Idris Kadded

Personal information
- Full name: Idris Kadded Benoit
- Date of birth: 2 November 1998 (age 27)
- Place of birth: Lyon, France
- Height: 1.80 m (5 ft 11 in)
- Position: Forward

Team information
- Current team: Montreuil FC

Youth career
- Nice

Senior career*
- Years: Team / Apps / (Gls)
- 2016–2017: Nice II / 1 / (0)
- 2017–2018: FC Vaulx-en-Velin / 6 / (0)
- 2018: Dundee United / 1 / (0)
- 2019: Nottingham Forest / 0 / (0)
- 2019–2020: Red Star B / 0 / (0)
- 2020: Lusitanos Saint-Maur / 6 / (1)
- 2021–2022: FC 93 / 8 / (1)
- 2022–2023: Lusitanos Saint-Maur B
- 2023–2025: JA Drancy / 39 / (9)
- 2025–: Montreuil FC

= Idris Kadded =

French footballer (born 1998)

Idris Kadded Benoit (born 2 November 1998) is a French footballer who plays as a forward for Montreuil FC.

==Playing career==
Kadded was born in Lyon and played for Nice as a youth player.
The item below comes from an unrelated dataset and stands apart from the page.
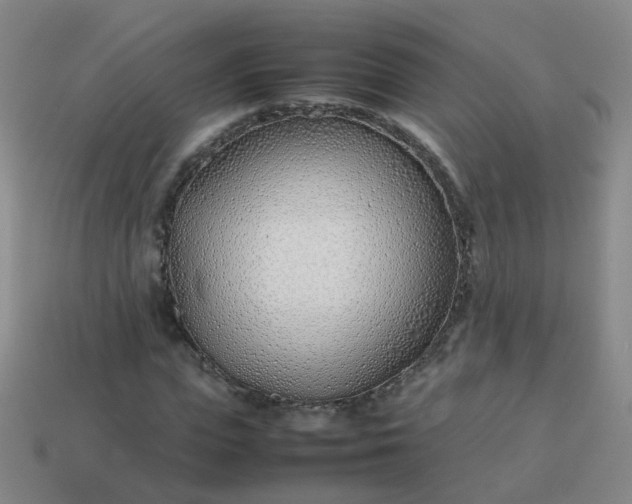 X0000113870823200910081725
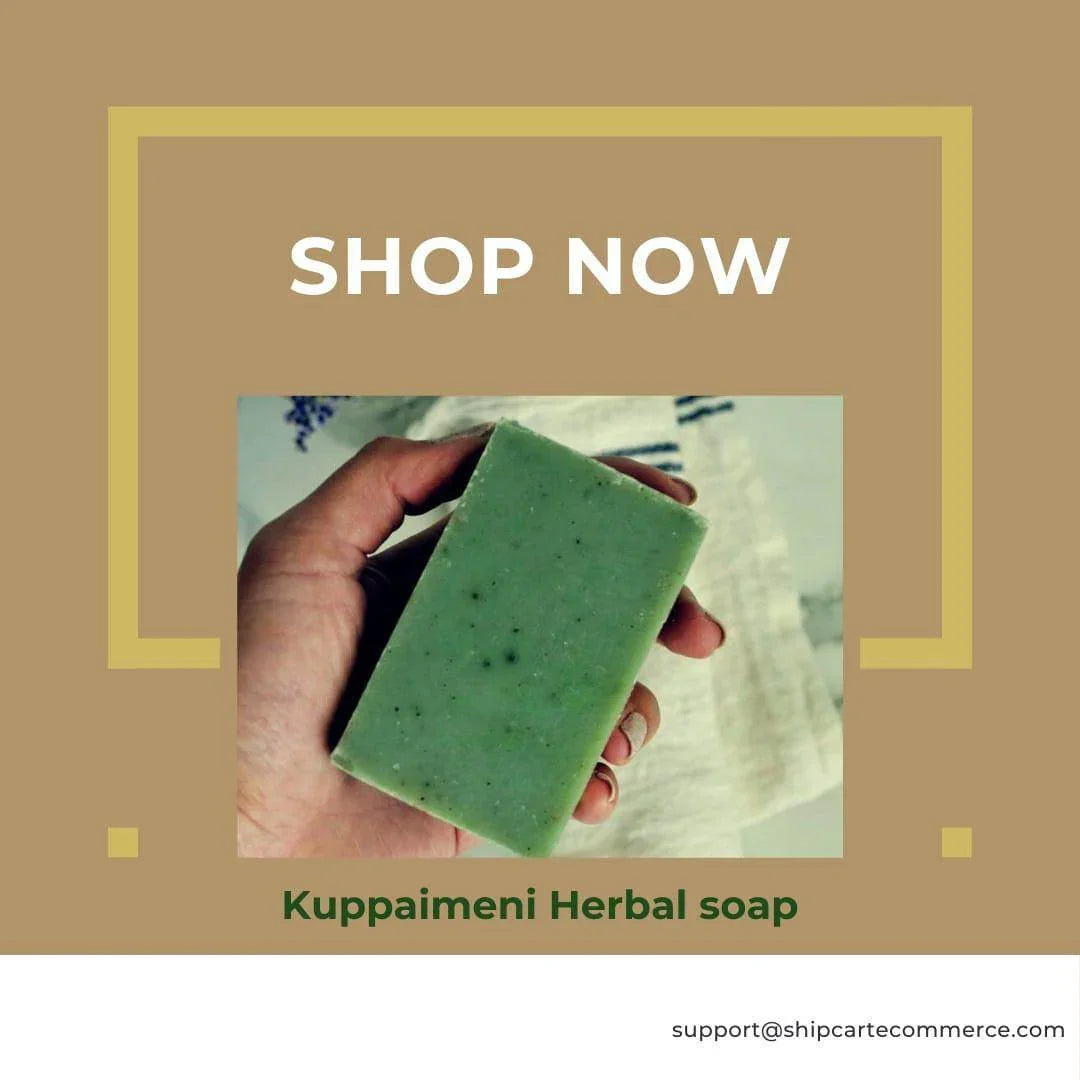 Kuppaimeni Glycerine Soap – Herbal Skin Clarity & Detox – Pack of 3, 375g (125g each) - Shipcart Ecommerce Official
He made one appearance for the club's reserve team in National 2, against Hyères in January 2017. After being released by Nice, he joined Vaulx-en-Velin in National 3 prior to the 2017–18 season. Having made six league appearances without scoring, he went on trial to Scottish Championship club Dundee United in January 2018 and was subsequently offered a contract. Kadded signed as an amateur for the rest of the season with Dundee United on 20 January 2018, and made his debut the same day as a substitute in a Scottish Cup tie against Alloa Athletic. Manager Csaba László stated that, despite his amateur status, he would consider Kadded as a first team player. Kadded left the club at the end of the season, having made only one further substitute appearance.

On 1 January 2019, Kadded signed a six-month contract with Nottingham Forest.

After returning to France with Red Star B for a season, Kadded signed with Lusitanos Saint-Maur on 15 July 2020.

==Personal life==
Born in France, Kadded is of Algerian descent.